Review Shows More Data That COVID-19 Impacts the Brain
Killian Meara, assistant editor for ContagionLive, joined the MJH Life Sciences team in November 2020. He graduated from William Paterson University with a degree in liberal studies, and concentrations in history and psychology. He enjoys film, reading, and pretending he is a good cook. Follow him on Twitter @krmeara or email him at [email protected]
The Alzheimer's Association is funding the work of a consortium of experts from more than 30 countries.
A recent article that was published in Alzheimer's & Dementia: The Journal of the Alzheimer's Association, bolstered the belief that SARS-CoV-2 will have long-term effects on the brain and nervous system by citing scientific evidence that has been published over the last several decades. Investigators from The University of Texas Health Science Center at San Antonio who focus on dementia were the primary authors on the study, with collaborators from Leicester universities in England.
Findings have made it clear that the coronavirus disease 2019 (COVID-19) does damage beyond just the acute effects and will potentially have long-term, chronic consequences. Patients impacted by these long-term symptoms will have the quality of their life and their independence severely impacted. The question is no longer what if, but to what degree and what form they will take, with even mild cases having the potential for chronic effects.
"Since the flu pandemic of 1917 and 1918, many of the flulike diseases have been associated with brain disorders," Gabriel A. de Erausquin, lead author on the study said. "Those respiratory viruses included H1N1 and SARS-CoV. The SARS-CoV-2 virus, which causes COVID-19, is also known to impact the brain and nervous system."

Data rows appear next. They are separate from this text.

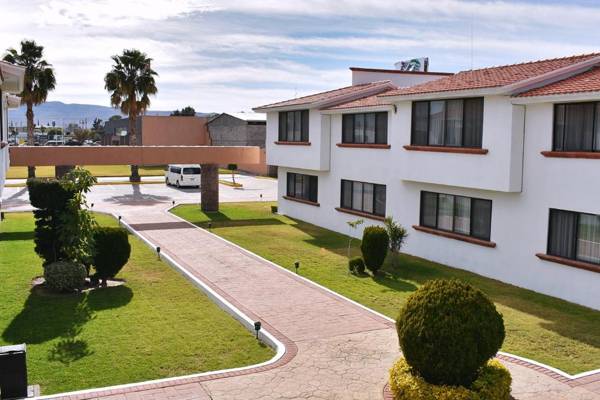 La Posada Hotel y Suites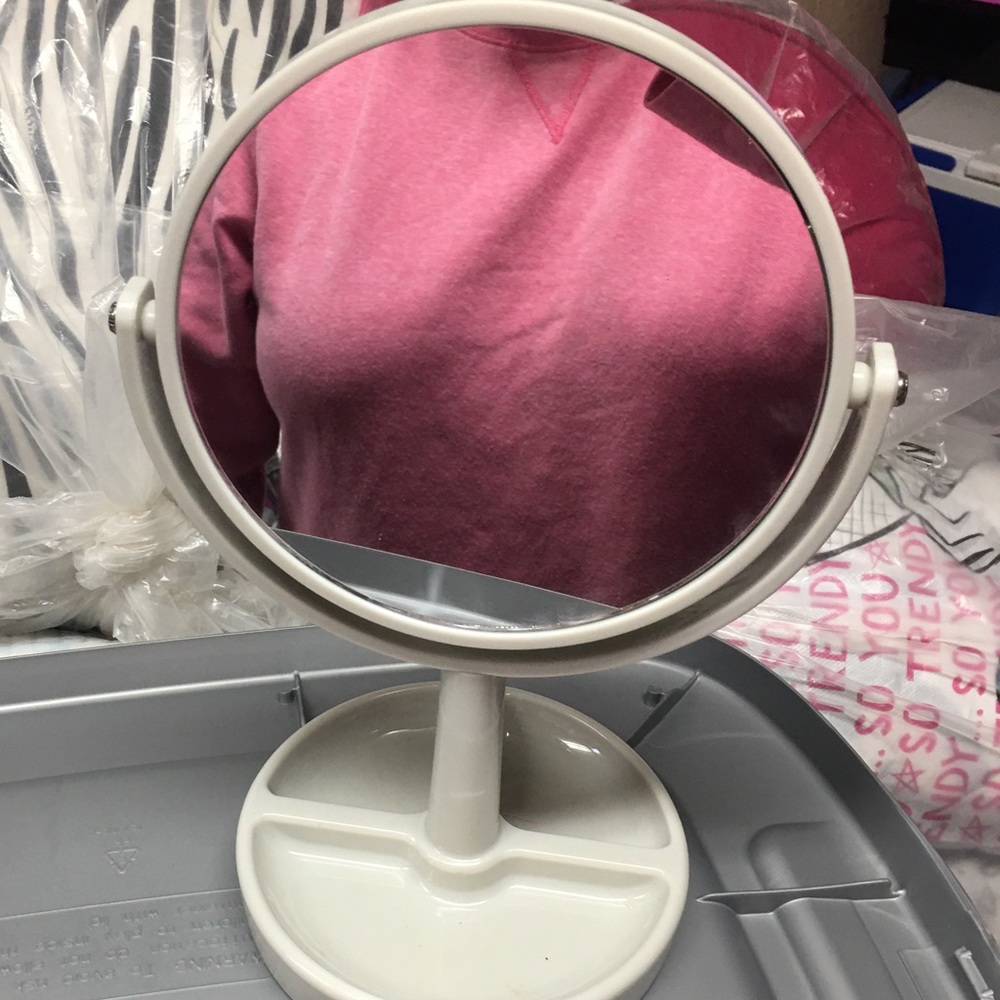 Cosmetic mirror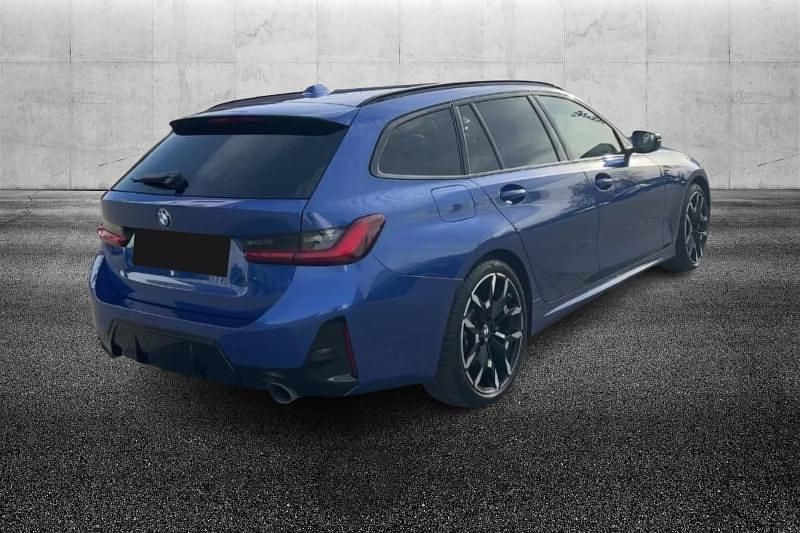 Usata BMW 330 M Sport 286 CV (210 kW) 2024 Blu metallizzato Station wagon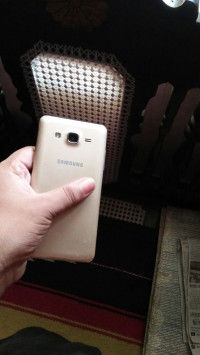 Samsung  Galaxy on 5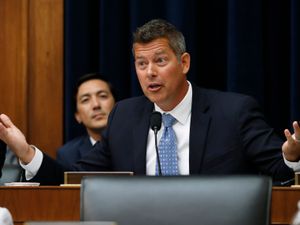 Supporting image for story: Trump picks former congressman and Fox host Sean Duffy as transport secretary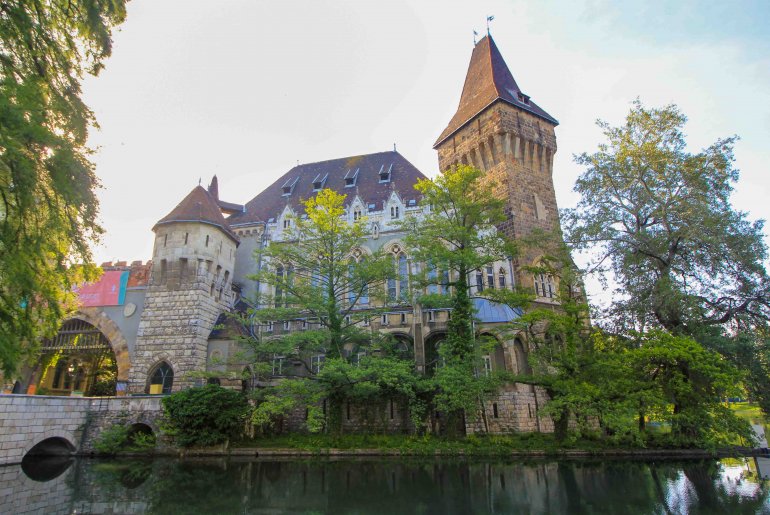 Burg Vajdahunyad, Stadtwäldchen Budapest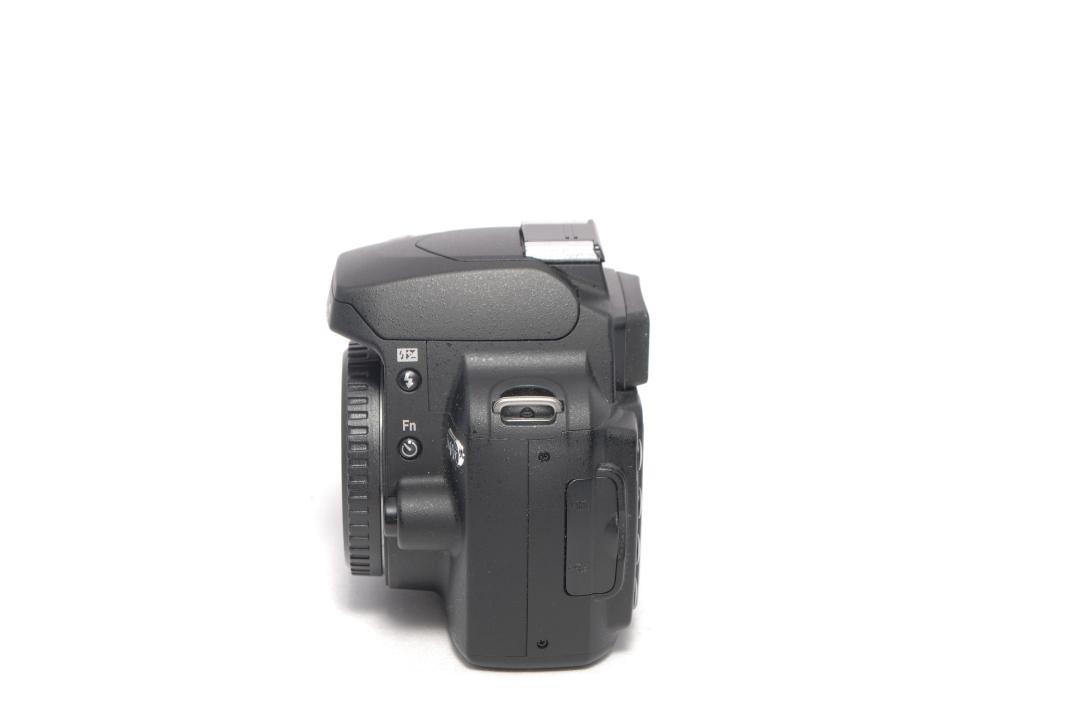 美品⭐️Nikon D3100⭐️簡単操作⭐️スマホ転送♪⭐️初心者おススメ S数約4800回！Nikon D3100☆初心者向け☆スマホ転送☆すぐ使える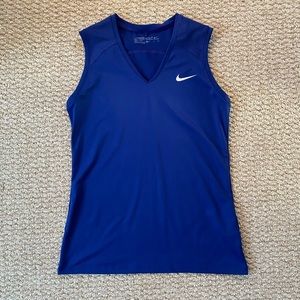 EUC Nike sleeveless V neck Dri-Fit  Golf top size small blue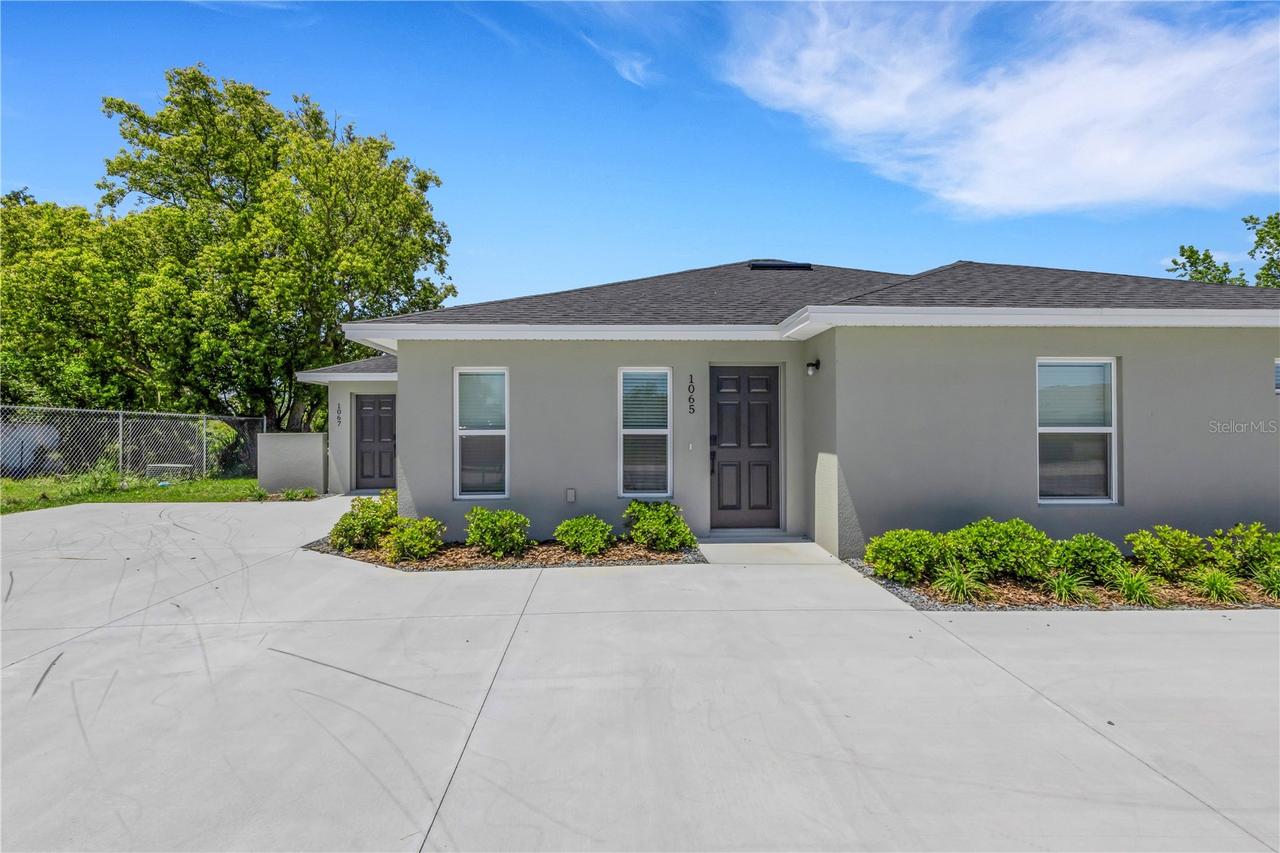 1065 / 1067 Captiva Point, Lakeland, FL 33801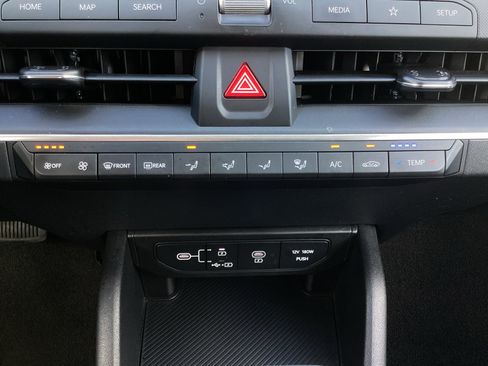 Used 2025 Kia K4 FWD image 21
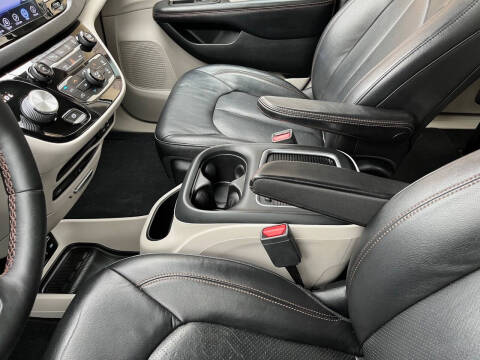 2017 Chrysler Pacifica Touring-L Plus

The COVID-19 virus has been found to infiltrate cells via receptors which are called ACE2, and the highest concentration of these receptors are found in the brain structure called the olfactory bulb. The olfactory bulb is connected with the area responsible for short-term memory, called the hippocampus, which may be a cause of cognitive impairment. The investigators also reinforced that the virus has been found in post-mortem brain scans, and that abnormal imagining was seen in a patient whose only symptom was loss of smell.
The team behind the review plans to continue collecting data over the next 2 to 3 years, with initial results of the first set of evaluations expected in early 2022.
"As the Alzheimer's & Dementia article points out, the under-recognized medical history of these viruses over the last century suggests a strong link to brain diseases that affect memory and behavior," Maria C. Carrillo, a co-author on the paper said. "In this difficult time, we can create a 'silver lining' by capitalizing on the Alzheimer's Association's global reach and reputation to bring the research community together to illuminate COVID-19's long-term impact on the brain."